Mrauk U. The Other Bagan?

Similar to the tourist hotspot of Bagan, Mrauk U was once a capital city in an imperial Myanmar from the early 15th to the late 18th century, leaving it full to the brim with old temples and Pagodas. These old structures are even more part of the scenery than they are in Bagan, with nature having been allowed to start reclaiming some of the older ones. You will find trees growing out of the temple floors and goats jumping from pagoda to pagoda like a climbing frame. Locals have also made their homes around some of the temples, with kids playing atop some of the bigger ones and women hanging the laundry all around them.

Instead of just being tourist attractions, many of the temples here are still very much in use; I stumbled upon a recently built temple that I named the ‘disco temple’ due to its disco style strobe lighting. It was here where I found locals, as well as monks, praying to Buddha with not another tourist in sight.
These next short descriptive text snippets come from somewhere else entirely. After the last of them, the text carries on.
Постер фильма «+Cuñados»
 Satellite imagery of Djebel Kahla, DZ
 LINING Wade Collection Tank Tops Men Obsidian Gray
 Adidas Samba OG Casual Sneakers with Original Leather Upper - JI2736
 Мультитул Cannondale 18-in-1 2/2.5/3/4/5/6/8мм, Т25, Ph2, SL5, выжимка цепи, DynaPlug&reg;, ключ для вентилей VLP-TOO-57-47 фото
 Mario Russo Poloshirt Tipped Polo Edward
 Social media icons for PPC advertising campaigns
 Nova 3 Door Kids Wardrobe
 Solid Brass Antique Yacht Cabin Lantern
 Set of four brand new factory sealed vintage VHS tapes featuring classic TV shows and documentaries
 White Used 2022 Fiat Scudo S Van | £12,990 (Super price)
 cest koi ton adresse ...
That’s Not All – Mrauk U is More Than Temples

A big difference between Mrauk U and Bagan is that the landscape is more hilly than flat and the climate tropical rather than dry. The hills make for some excellent views via a short hike up a densely jungled hill, where many climb to Mruak U’s highest point – Shwetaung Paya – which looks out of the hills and river. Here, at sunrise, a mysterious fog can be seen that blankets the town, where only the temples atop of the hills can be seen and it is like they are floating on clouds. It’s really rather magical.

Another draw card for Mrauk U is to visit the remote tribal Chin Villages along the river.  It’s worth getting a guide for the day to take you out to meet the infamous ‘tattooed face women’ of the Chin villages. There are only a handful of these women left who have a spider-web design tattooed on their faces – a tradition that died out around 60 years ago when the practice, of what is said to tribal identification, was made illegal. It was fascinating to hear their stories and drink tea with them.

There is plenty to see in and around Mrauk U, and after such a long journey to get there it would be a shame not to stay for more than a couple of days. I managed to fill four days and could have probably stayed another one had I not disliked the accommodation we were staying at. Sadly, with lack of any tourism infrastructure, most of the budget accommodation options in Mrauk U are the same – damp, overpriced, with bucket showers and without electricity for most of the day and night. Higher range options are better and some do have generators and proper showers, but they will set you back about $55+ a night per room.

Mruak U is Worth the Journey

Even with two years worth of Asian bus travel experience under my belt, the bus rides to and from Mrauk U are still hands down the most challenging I have ever endured. 24 hours+ crammed into a bus that was falling apart, with livestock and travel sick passengers, and nature’s own air con (i.e. the window) which meant a face full of vomit from the said travel sick passengers in the seat in front. It was tough, yet the hardships of getting to this pretty town in the lesser-known Rakhine State of Myanmar were worth it for the visual rewards and distinct culture that still thrives here.

Mrauk U is too often overlooked by those travelling in Myanmar, as it is so far from everywhere else and requires more effort and planning. But that is really part of the charm of this little town; the authenticity of it is a rare find, especially in South East Asia.

Things to Know:

  • With a bicycle and a bit of know-how of what you want to see, it is easy to get around and to enjoy this different part of Myanmar. There is a scatting of shops where you can rent a bicycle for a day and get local advice. Double-check the tyre pressure and that the seat is secured properly before handing over your Kyat.
  • You can get to Mrauk U via local bus from Yangon or Mandalay. Prices vary but start at around 3,000 Kyat. Be prepared for a long journey; take snacks, and a head torch for when you need the toilet.
  • There are guides in Mrauk U, however it’s not always clear where to find them. There is no tourist office or visitor centre. The best way is to ask at the reception of a few guesthouses along the main road who they recommend.